Walsh, Gottfredson & inker Dick Moores also produced the remainder of this delightful book for kids of all ages, which comprise a dozen one-off gag dailies from 1944 and 1945, plus a cracking sea yarn ‘The Pirate Ghost Ship’ (first serialised from April 17th to July 15th 1944) which found Mickey and faithful hound Pluto searching for treasure, defying black magic and battling sinister buccaneers in a rollicking rollercoaster of fun and frights.

Walsh (September 30th 1913 – January 27th 1975) loved working on the strip and scripted it until 1964 when his increasingly successful film career forced him to give it up.

Like all Disney comics creators these stalwarts worked in utter anonymity, but thanks to the efforts of devout fans efforts were eventually revealed and due acclaim accorded. Gottfredson died in July 1986 and Walsh did achieve a modicum of fame in his lifetime as producer of Disney’s Davy Crockett movies, and as writer/producer of The (original) Absent-Minded Professor, Son of Flubber, That Darn Cat!, The Love Bug, Bedknobs and Broomsticks and many others.
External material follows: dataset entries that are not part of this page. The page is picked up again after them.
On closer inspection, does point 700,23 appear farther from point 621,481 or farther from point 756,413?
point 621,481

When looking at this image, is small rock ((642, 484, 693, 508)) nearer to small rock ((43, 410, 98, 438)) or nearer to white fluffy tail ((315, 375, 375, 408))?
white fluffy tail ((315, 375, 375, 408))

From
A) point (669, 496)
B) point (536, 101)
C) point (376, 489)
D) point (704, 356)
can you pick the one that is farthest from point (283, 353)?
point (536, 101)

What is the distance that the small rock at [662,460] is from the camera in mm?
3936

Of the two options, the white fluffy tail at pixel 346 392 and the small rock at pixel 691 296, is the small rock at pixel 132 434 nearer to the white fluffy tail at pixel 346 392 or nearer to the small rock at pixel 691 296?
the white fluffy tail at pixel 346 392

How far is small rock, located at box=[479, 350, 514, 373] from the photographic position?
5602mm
He was Oscarâ„¢ nominated for his Mary Poppins screenplay.

Even in these modern, accepting times anthropomorphic comics are still often derided as kids’ stuff – and indeed there’s nothing here a child wouldn’t adore – but these magical works were produced for consumers of ALL AGES and the sheer quality of Gottfredson and Walsh’s work is astounding to behold.

That so much of it has remained unseen and unsung is a genuine scandal. Thankfully most of the Gladstone Mickey Mouse albums are still readily available and we now have the scholarly and comprehensive Gottfredson Mickey Mouse Archives so you have no reason not to indulge in some of the greatest comic tails of all time.